EX-3.6 5 d412134dex36.htm CERTIFICATE OF AMENDMENT TO AMENDED AND RESTATED CERTIFICATE OF INCORPORATION Certificate of Amendment to Amended and Restated Certificate of Incorporation

Exhibit 3.6

CERTIFICATE OF AMENDMENT TO THE

AMENDED AND RESTATED CERTIFICATE OF INCORPORATION OF

KALOBIOS PHARMACEUTICALS, INC.

(Pursuant to Section 242 of the

General Corporation Law of the State of Delaware)

KaloBios Pharmaceuticals, Inc., a corporation organized and existing under and by virtue of the provisions of the General Corporation Law of the State of Delaware (the “General Corporation Law”),

DOES HEREBY CERTIFY:

FIRST: That the name of this corporation is KaloBios Pharmaceuticals, Inc. and that this corporation was originally incorporated pursuant to the General Corporation Law on September 19, 2001 under the name Horizon Biotechnologies, Inc.

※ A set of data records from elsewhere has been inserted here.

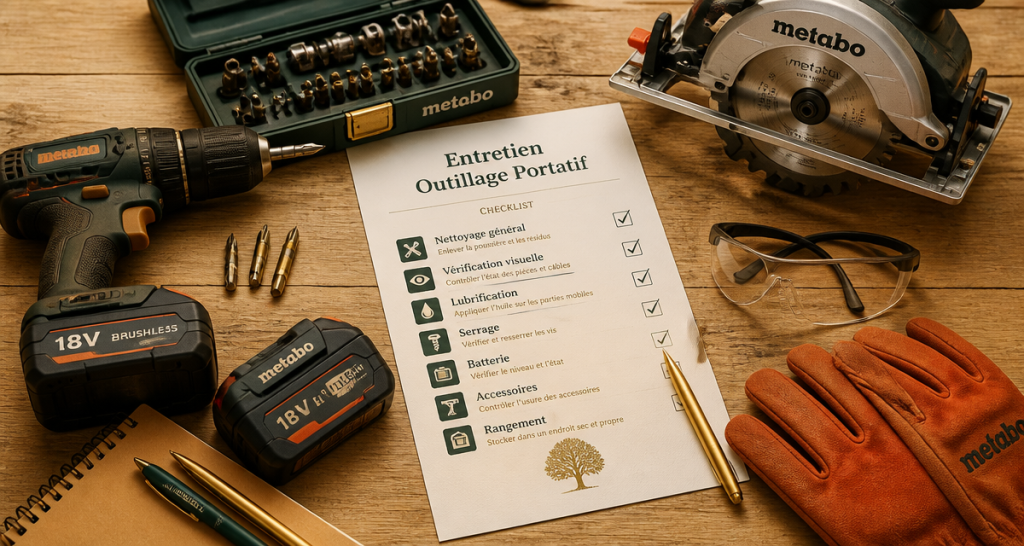 outillage portatif professionnel 18V Brushless checklist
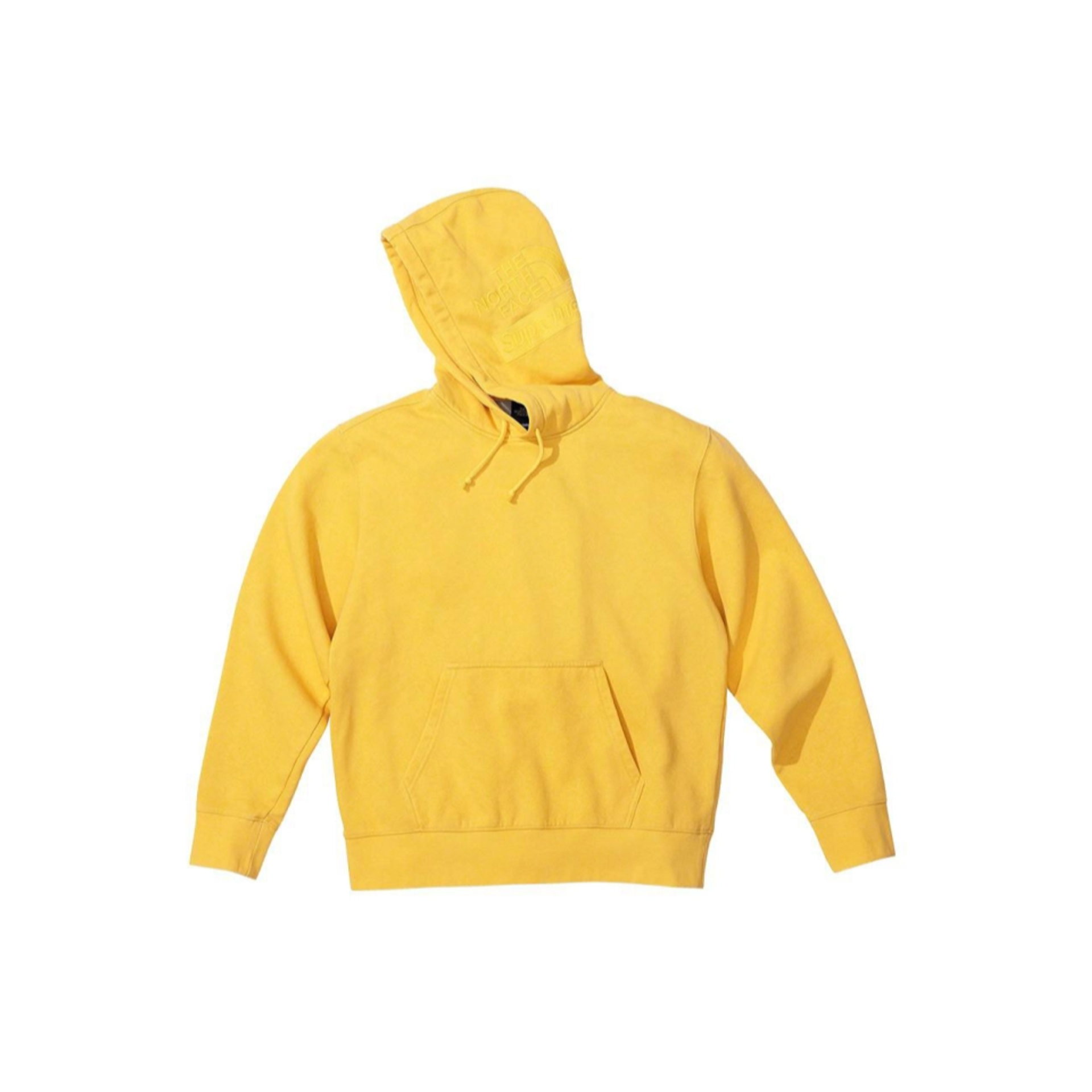 Supreme x The North Face Pigment Printed Hooded Sweatshirt 'Yellow'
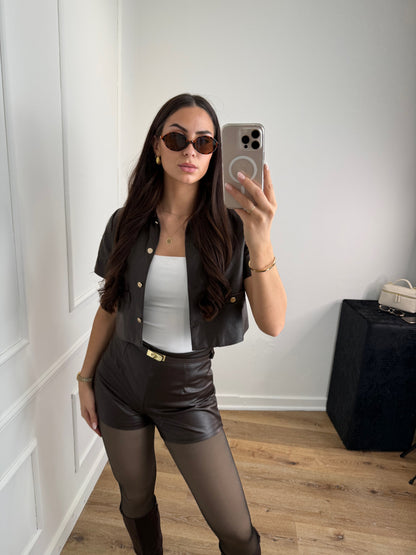 Madelief Short Bruin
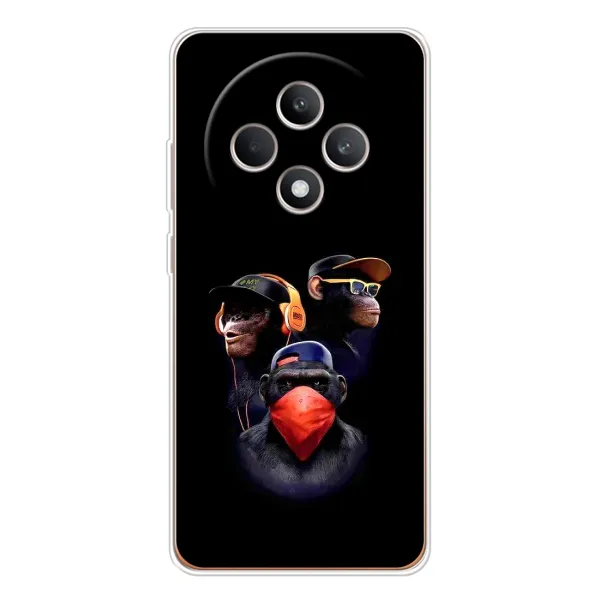 Чехол с принтом «Три обезьяны» для OPPO Reno 12 F Чехол с принтом «Три обезьяны» для OPPO Reno 12 F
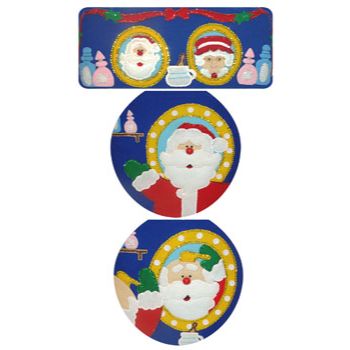 Molde n-583 juego de bano santa en el espejo                -MO2013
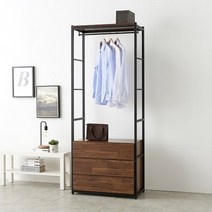 리코디자인 레트로 800 3단 서랍장, 오크브라운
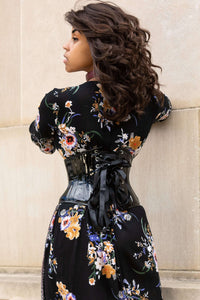 Corsetto Sottoseno Waspie in PVC Nero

SECOND: That the Board of Directors duly adopted resolutions proposing to amend the Amended and Restated Certificate of Incorporation (the “Certificate of Incorporation”) of this corporation, declaring said amendment to be advisable and in the best interests of this corporation and its stockholders, and authorizing the appropriate officers of this corporation to solicit the consent of the stockholders therefor, which resolution setting forth the proposed amendment is as follows:

RESOLVED, that Article IV Section (B)(4)(d)(ii) of the Certificate of Incorporation be deleted in its entirety and replaced in full with the following:

“(ii) Additional Stock” shall mean any shares of Common Stock issued (or deemed to have been issued pursuant to subsection 4(d)(i)(E)) by this corporation after the Effective Date other than:

(A) Common Stock issued pursuant to a transaction described in subsection 4(d)(iii) hereof;

(B) Shares of Common Stock issuable or issued to employees, consultants, or directors (if in transactions with primarily non-financing purposes) of this corporation pursuant to a stock option plan, performance bonus plan or restricted stock plan approved by the Board of Directors of this corporation;

(C) Shares of Common Stock (i) issuable or issued to customers or vendors (if in transactions with primarily non-financing purposes) of this corporation, financial institutions or lessors in connection with commercial credit arrangements, equipment financings or similar transactions, and (ii) approved and deemed not to be “Additional Stock” by the Board of Directors of the corporation;


(D) Shares of Common Stock issuable or issued pursuant to the conversion or exercise of convertible or exercisable securities outstanding on the Effective Date;

(E) Shares of Common Stock (i) issued or issuable in connection with a bona fide business acquisition of or by this corporation that is approved by the Board of Directors, whether by merger, consolidation, sale of assets, sale or exchange of stock or otherwise, and (ii) approved and deemed not to be “Additional Stock” by the Board of Directors of the corporation;

(F) Common Stock issuable upon conversion of Preferred Stock;

(G) Common Stock issued or deemed issued pursuant to subsection 4(d)(i)(E) as a result of a decrease in the Conversion Price of any series of Preferred Stock resulting from the operation of Section 4(d), or Common Stock issued or issuable or deemed issued as a result of an adjustment to the Conversion Price of any series of Preferred Stock resulting from the operation of Section 4(d); or

(H) shares of Common Stock issuable or issued and approved and deemed not to be “Additional Stock” by the written consent or agreement of (i) the holders of not less than sixty percent (60%) of the then outstanding shares of Preferred Stock and (ii) the holders of not less than sixty percent (60%) of the then outstanding shares of Series E Preferred Stock.”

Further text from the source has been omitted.